Carlos Giménez ya había descubierto que sus aptitudes podían sacarle de más de un embrollo. De pequeño, en los colegios del Auxilio Social, se aferró al dibujo como a la tabla de un náufrago. Cuando tenía cinco años años ingresó en la institución franquista, y no pudo abandonarla hasta los quince. En aquella España «absurda, gris y violenta», los niños navegaban entre las coloridas páginas de los tebeos para evadirse de la sucia realidad cotidiana. «El cómic era una moneda de cambio, pero también un signo de poder». Así que Giménez lo tuvo claro: «A mis compañeros les reconocía que pensaba dedicarme a esto, pero a los mayores les decía que yo iba para médico, porque sonaba un poquito más formal».

Para toda una generación de dibujantes, Carlos Giménez -que participó ayer en las Presencias Literarias de la UCA presentado por Carlos Pacheco- es un pionero, imitado hasta la saciedad, cuya obra referencial, Paracuellos, aún no ha sido superada, ni por la intensidad de las emociones que desata ni por el valor estético intrínseco de un arte que comenzaba entonces a reivindicarse como tal.
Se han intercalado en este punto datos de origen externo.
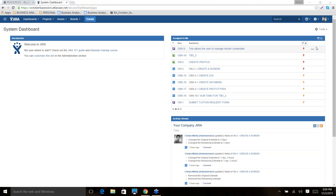Why do we need JIRA? In an agile environment working in sprints, we need to see the product backlog, check sprint status, see priorities, and update the sprint after completion. There are many advantages to using this tool.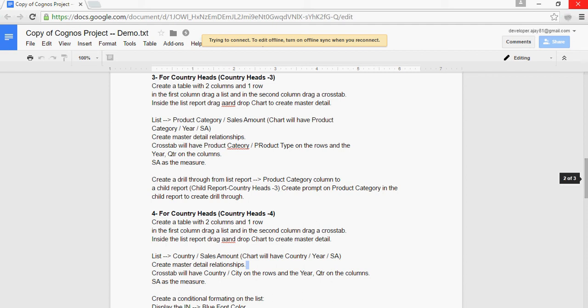In the last video we discussed how to create a master drill report for country heads 3. In this video we're going to talk about the drill-through which we create for country heads 3. It's going to be in similar fashion as we have done the drill-through report for the previous report or previous section.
Para alcanzar la condición de maestro, Carlos tuvo que pasar por un verdadero calvario personal y profesional. Fue aprendiz en un taller de artesanía hasta que el padre de un amigo del barrio, que trabajaba en una editorial, le consiguió una prueba con López Blanco. Cobraba 200 pesetas a la semana. De ahí, a finales de los 60, dio el salto a Barcelona, «donde todo era mucho más moderno, los dibujantes tenían moto, ligaban con las extranjeras y hacían la tarea siempre a última hora». En plena época hippy, Giménez comenzó a interesarse más por los aspectos narrativos que por los puramente técnicos de las historietas. «Si quería dibujar a un niño con hambre, entendí que tenía que aprender a representar el hambre con una galería completa de gestos, muecas y expresiones: necesitaba que mis personajes fueran actores completos», explicó.

Entre juerga y juerga - «más de una vez acabamos en Comisaría», reconoció ayer-, el dibujante decidió que quería dedicarse a un tipo de historieta política, comprometida, que no evitara la carga social. Así que, sin saber siquiera si las publicaría, comenzó a elaborar sus propios guiones y a dotarlos de contenido. «Tenía que pedir dinero a mis amigos para sobrevivir, porque aquellas historias no tenían salida, pero yo seguía insistiendo e insistiendo». Después llegó Paracuellos. «Puede que ahora se considere un referente, y es cierto que es la obra que más satisfacciones me ha reportado, pero entonces no la quiso nadie». Deambuló de editorial en editorial, mendigando una oportunidad, hasta que consiguió que una imprenta, «prácticamente con los retales que les sobraba de papel y de cara a justificar alguna subvención», colocara en el mercado una versión «mínima» de Paracuellos.

Estaba «prácticamente resignado» al corto recorrido de la serie, cuando una revista francesa le propuso editarla por capítulos. Fue el inicio del boom. «Creo que la clave del éxito de Paracuellos es que todo lo que cuento ahí es verdad -explicó-, y la verdad llega a los lectores más y mejor que cualquier invento».